At least, that was the plan. Reality had something different in mind.
As has been evidenced before by the 7-day power outage of October 2011, and the 10-day power outage after Hurricane Sandy in 2012, our small town has a history of mature trees in tenuous positions near exposed power lines. Last night’s wind storm caused one of the two elementary schools to lose power today. Since we lost so many days from Sandy, we can’t afford to make up any more, so the district got creative. My kids, who go to the elementary school with power, would have an early dismissal so the students from the other side of town could get a half day of school in our building.
That meant, my full day in an empty house just got cut three hours short.

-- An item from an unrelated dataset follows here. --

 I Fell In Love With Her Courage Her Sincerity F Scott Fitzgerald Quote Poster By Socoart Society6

Oh well, time to roll with the punches, like all moms do.
On my way to pick up my sons from school, my cell phone rang. Seeing it was my daughter’s preschool, I broke the law and answered the phone while searching for a parking spot. My daughter was sobbing during her first cooking enrichment class and was having a hard time with transitioning from one room to the next.

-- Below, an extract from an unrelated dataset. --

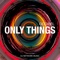 Only Things - Occibel lyrics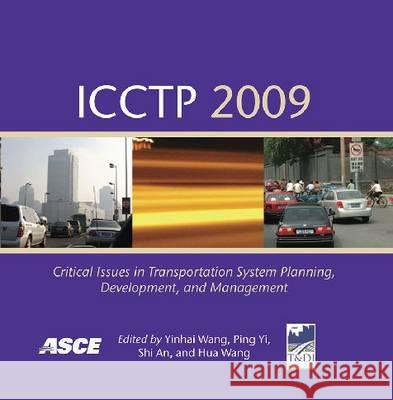 ICCTP 2009: Critical Issues in Transportation System Planning, Development, and Management  9780784410646 American Society of Civil Engineers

I sat at a red light with my phone to my ear, trying to determine which direction to turn. Right to park for my boys’ school pickup, or left to go rescue my daughter from cooking class? As I glanced in the rear-view mirror, I saw a police car behind me. Seeing him turning right, I turned left, headed for my daughter. A quick conversation with the preschool’s phenomenal Director had me reassured that we should wait to see if my daughter could calm herself down before rushing over to pick her up.

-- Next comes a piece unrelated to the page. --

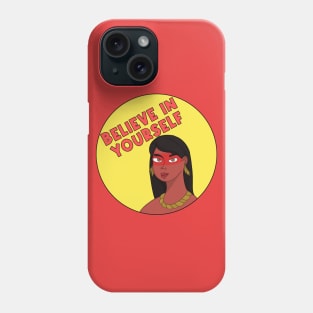 Believe in Yourself Phone Case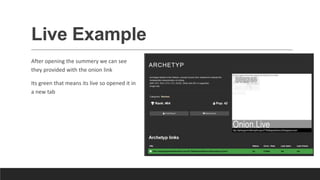 Live Example
After opening the summery we can see
they provided with the onion link
Its green that means its live so opened it in
a new tab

Turning back around, I parked at my boys’ school and went in to pick them up. Instead of standing outside of the building like usual, I had to go inside and visit each individual classroom to sign out my two and my neighbors two children for our carpool. Upon entering the building, we find out that the other school did get their power back, so those students weren’t coming to our school after all. But it was too late to contact parents, so the kids had the half day anyway. Lovely.
Two more back and forth phone calls with my daughter’s school to make sure she was okay, and four classroom trips later, my laundry was clean but wrinkling in a basket, and my house was no less germy than yesterday.
As I pulled back up our street to be home for the afternoon, I discovered cones barricading me from getting in my driveway.
“Sorry, ma’am. You’ll have to go around.”
“But I live in that house RIGHT THERE,” I explained, pointing to my driveway, which was blocked by 5 utility trucks working on a water main break right outside of my house. I watched them move two of the trucks out of the way, to reveal the damage. I pulled into my driveway, splashing the minivan through a bubbling, brown river of mud pumping out of the side of the street.
I apologized to the men that I would need to pull out and back in again in about thirty minutes. Then asked what happens when we reach below freezing temperatures again tonight.
“We hope to have it fixed by then, ma’am,” was all I got in reply.
I finally got to my daughter’s preschool to pick her up from her rough first day of cooking class. She bounded out with a huge smile on her face, wearing a sparkling crown and holding a container of homemade scones.
The teachers motioned me aside to tell me they had finally figured out what had her so upset during the class.
“We told the children, ‘Today, we’re going to England!’ to get them excited about learning about London while we baked our scones. Every time we changed rooms, Allie thought we were actually leaving and taking her to England, so she started to cry that she wanted to go home. I don’t think we’ll say that again to the children!”
February, you can’t get here fast enough.